▸ Exercise directions
Leaving out all pictures, repeat exactly the lines from the one that holds "Best Driveway Paving" to the last line of the entries below.

(Saved data entries)
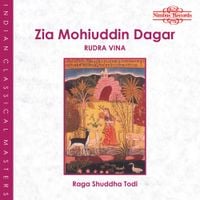 Zia Mohiuddin Dagar - Raga Shuddha Todi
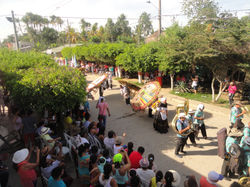 DSC03118 (2)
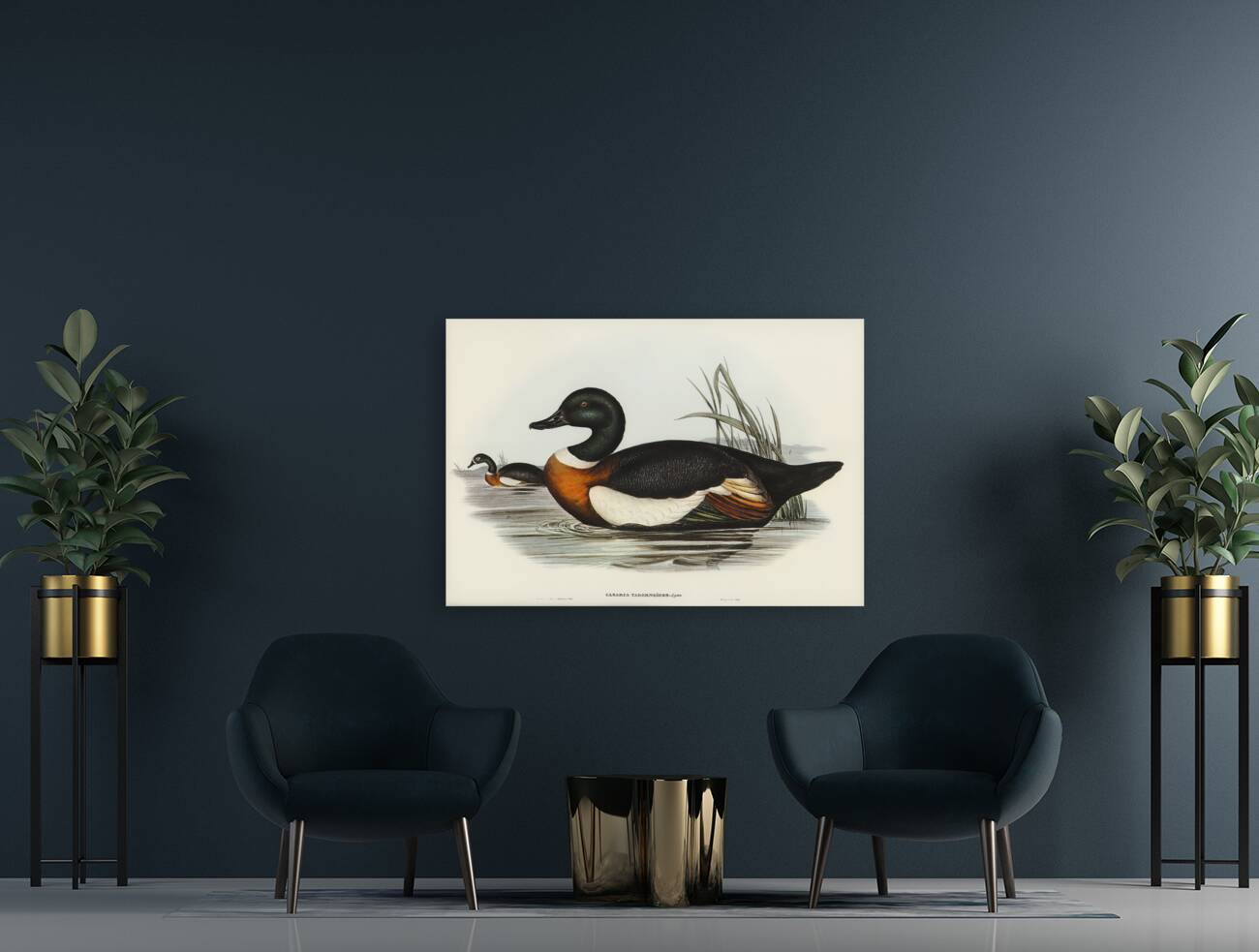 Chesnut-Coloured Shieldrake Casarca Tadornoides illustrated by Elizabeth Gould 1804–1841 for John Gould’s 1804-1881 Birds of Australia  Reproduction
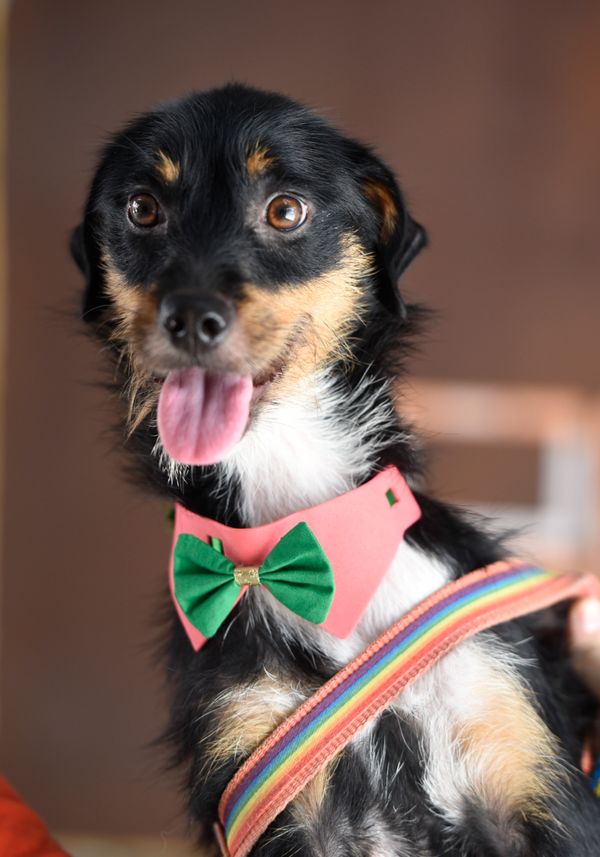 Data: 17/12/2019 - ES - Vitória - Esse cãozinho aguarda por adoção na Ong Patinhas Carentes - Editoria: Cidades - Foto: Carlos Alberto Silva - GZ por Carlos Alberto Silva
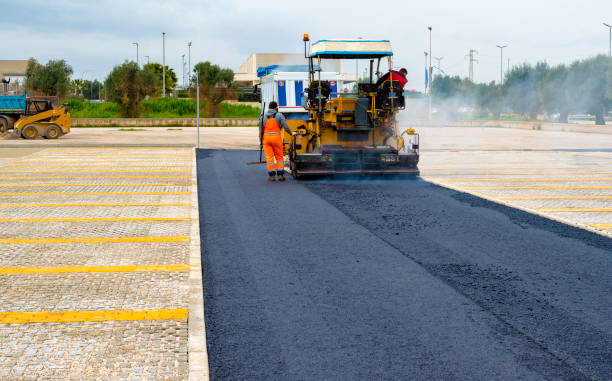Best Driveway Paving Contractor  in Palm Springs North, FL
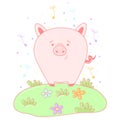 Kawaii pig image design, vector illustration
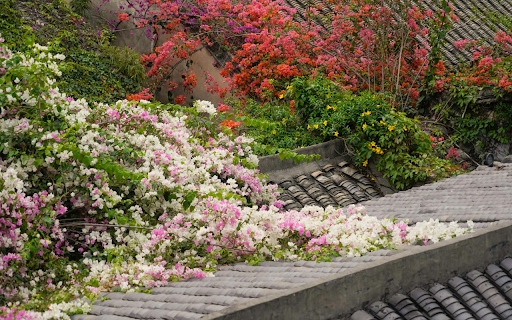 Flowers on the Roof from Chrome web store to be run with OffiDocs Chromium online Flowers on the Roof from Chrome web store to be run with OffiDocs Chromium online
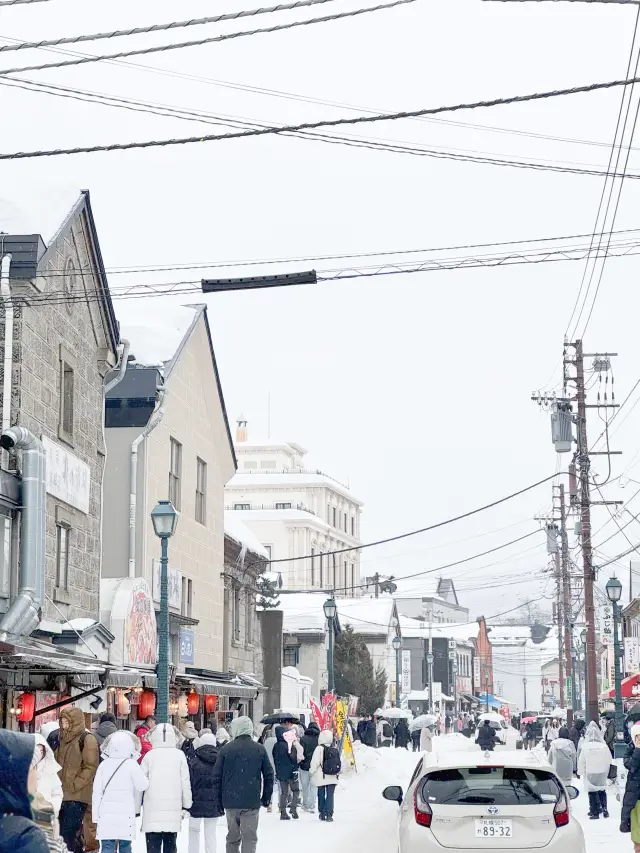 ❄️눈과 바다, 스시의 도시 ‘오타루’ 2박 3일 여행 일정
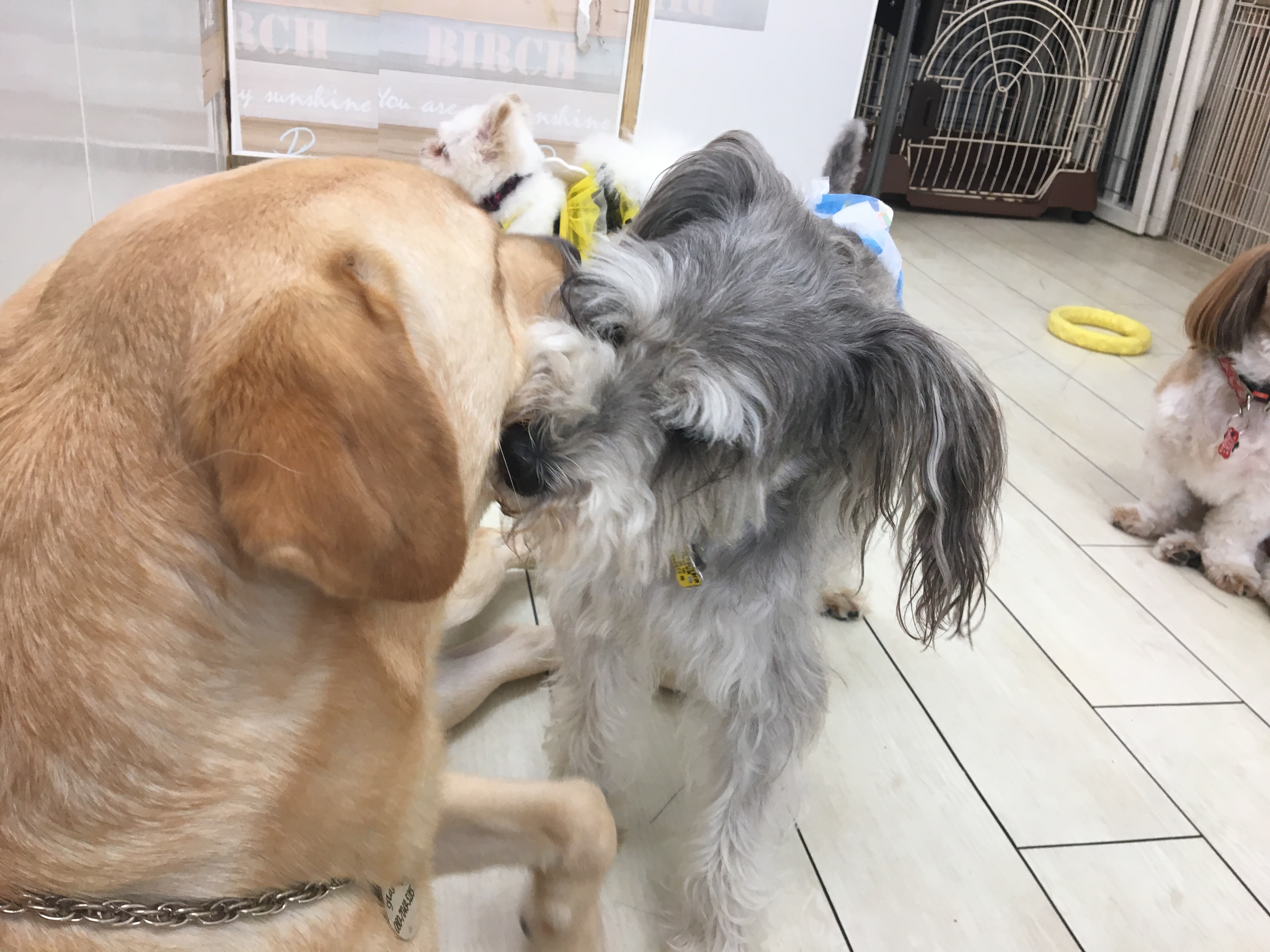 テリオくんは、運動神経もいいの！ | 【犬の保育園】白楽店犬の保育園の木曜メンバーをご紹介！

▸ Response area
Best Driveway Paving Contractor  in Palm Springs North, FL
 Kawaii pig image design, vector illustration
 Flowers on the Roof from Chrome web store to be run with OffiDocs Chromium online Flowers on the Roof from Chrome web store to be run with OffiDocs Chromium online
 ❄️눈과 바다, 스시의 도시 ‘오타루’ 2박 3일 여행 일정
 テリオくんは、運動神経もいいの！ | 【犬の保育園】白楽店犬の保育園の木曜メンバーをご紹介！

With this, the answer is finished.